What’s so special about that – astronauts go to space all the time don’t they?

Apart from the fact that rocket launches are cool, there are several elements of this mission that mean it’s a big deal for the space community – especially those in the USA. For the last nine years, every astronaut and cosmonaut to have flown to the ISS has flown on a Russian Soyuz rocket, launching from Kazakhstan (roughly every three months). Soyuz has been the only human-rated vehicle capable of reaching, and docking with, the space station – meaning if anything ever stopped Soyuz flying (as happened in November 2018) it could mean serious problems  (including, potentially, an early end to the ISS programme). Today’s Demo Mission 2 (DM-2) launch also includes a number of “firsts”:

  • This will be the first time since the space shuttle programme ended, that the US has launched astronauts to the ISS, on a US rocket, from US soil – and that was nine years ago, in 2011. Many in the US have been waiting for this moment for a long time, and felt the gap in US human launch capability, was too long. (In fact in December 2010 I placed a bet with a friend of mine about when the US would next send it’s own astronauts into space post-Shuttle programme… happily/sadly I won!)

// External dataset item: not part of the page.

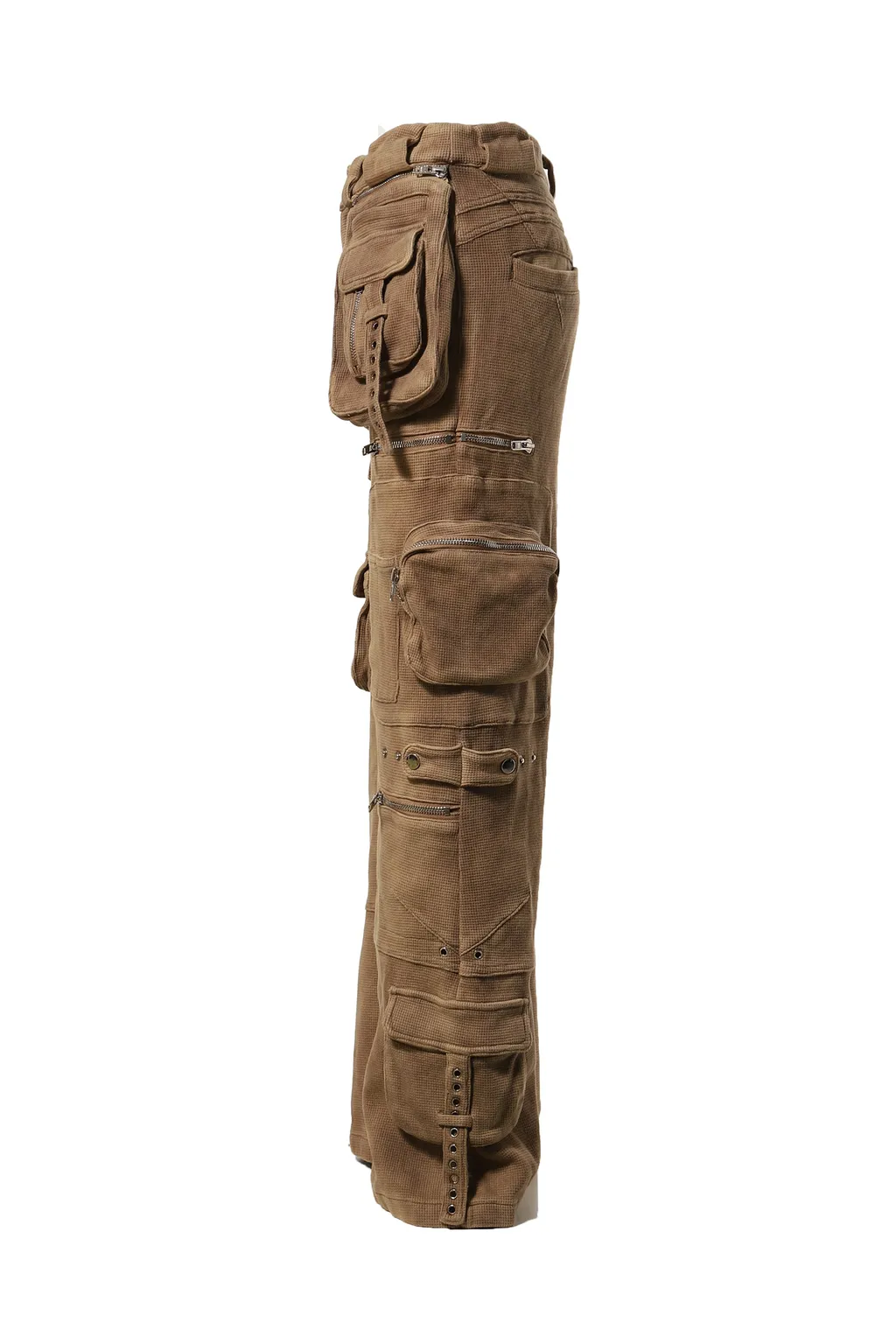 Heavy Waffle Cargo Pants / Kha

  • This will also be the first time that the SpaceX Falcon 9 and the Crew Dragon capsule will be used to launch humans into space. We know that space is hard, and with human lives at stake, there is very little room for error. Of course the rocket and the capsule have both gone through significant testing programmes and wouldn’t be allowed to fly without NASA sign-off, but any launch carries a risk, and this has never been done before. Now as much as you might imagine astronauts to be super-human, they are just people, highly trained people, sitting on top of a lot of rocket fuel.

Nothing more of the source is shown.